April 17, 2005

Poet prejudices proceedings

Here's a curious article by Richard Ingram's in today's Observer. It starts off ridiculing David Blunkett's poetry (yes, he's a poet now). And ends up exposing the court proceedings of the "ricin conspirators."

'Too much I read of that which I have written and if not written wished I had.' I quote from a newly published poem entitled 'Echo' from the pen of the former Education Secretary and Home Secretary, David Blunkett. The editor of Poetry Review, Ms Fiona Sampson, has explained: 'It is obviously written by someone who is visually impaired because it is about the sound of words.' To any readers who may have been puzzling over what exactly Blunkett was trying to say, Ms Sampson's explanation may come as a welcome aid. Others may unkindly conclude that if Blunkett was a disastrous Home Secretary, then he is an even worse poet. We had yet another reminder of Blunkett's blundering methods in the report of the Kamel Bourgass trial last week when it emerged that the judge hearing the case had written to the Attorney General, Lord Goldsmith, complaining about ministers prejudicing the trial.
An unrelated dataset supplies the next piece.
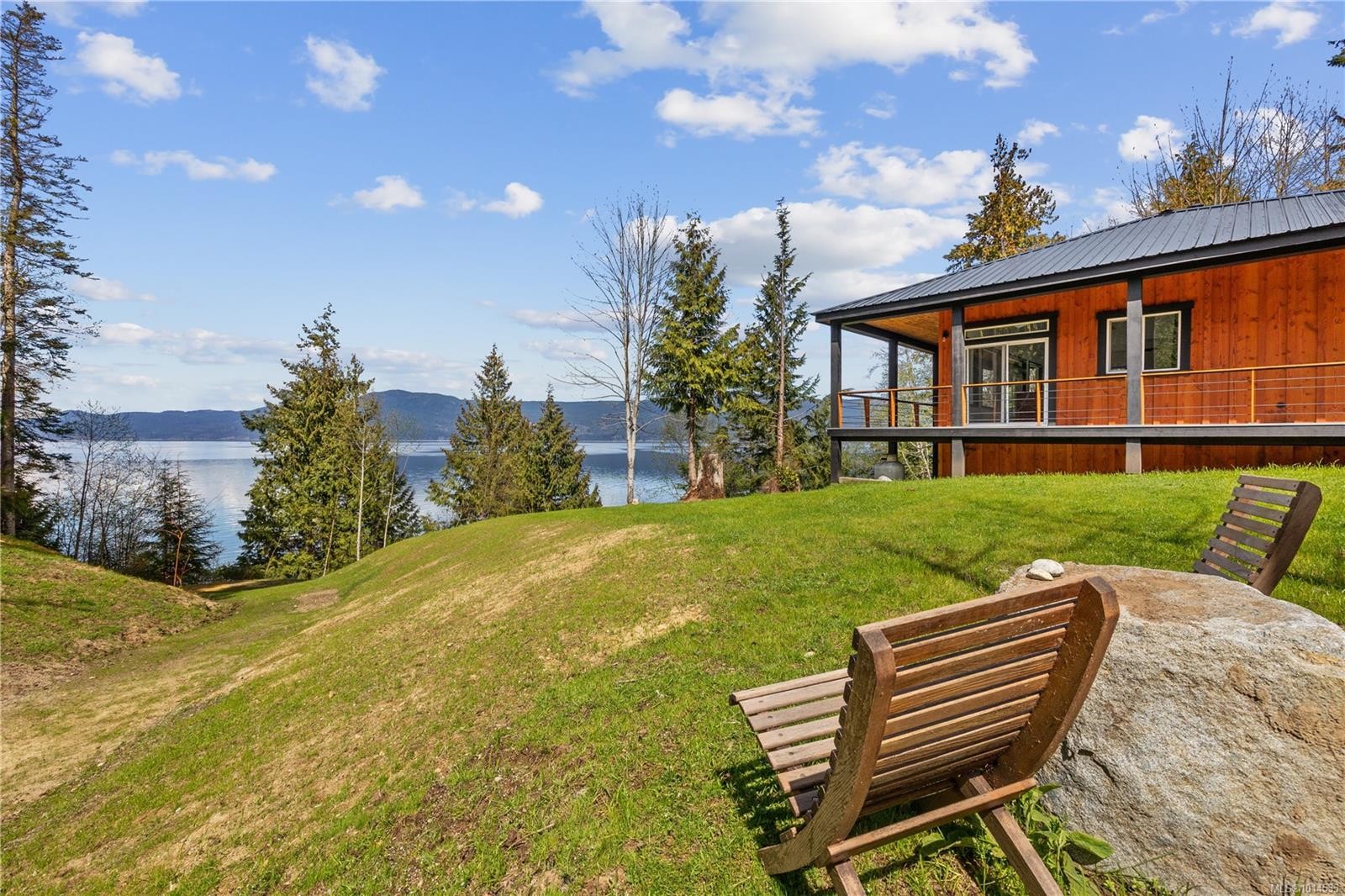 4 Mine Rd, Lasqueti Island, BC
This followed a public statement by Blunkett claiming that 'al-Qaeda is seen to be and will be demonstrated through our courts to be actually on our doorstep and threatening our lives', a comment which, if it had been made by a newspaper, could well have led to an action for contempt of court, but is apparently permissible in a Home Secretary and amateur poet. As it happens, Blunkett's comment as far as Bourgass is concerned was not only prejudicial but inaccurate, most experts by now being of the opinion that Bourgass was a bit of a loony who posed no real terrorist threat, let alone proving the link between al-Qaeda and Saddam Hussein, as was claimed by the likes of Tony Blair and Colin Powell."
I think that, over this case, seven other men have spent over a year in prison on trumped up charges of some conspiracy or other. The fact that they were found not guilty doesn't seem to have made much of a splash in the newspapers. The fact that the "conspirators" had no ricin hasn't struck anyone in the mainstream media as a bit odd given the trumpeting of the "proof" of an al-Qaida presence in the UK by so many ministers.

The main coverage has focused on the fact that the one man found guilty of anything (murdering a police officer) was a failed asylum seeker. When it hasn't focused on that it has been suggesting that "terror" legislation isn't tight enough. The idea of such legislation is supposed to be to prevent terrorism, not put innocent people away and then on show trial to justify the war in Iraq. There must be more thorough coverage of this case in the serious media but I haven't seen it yet.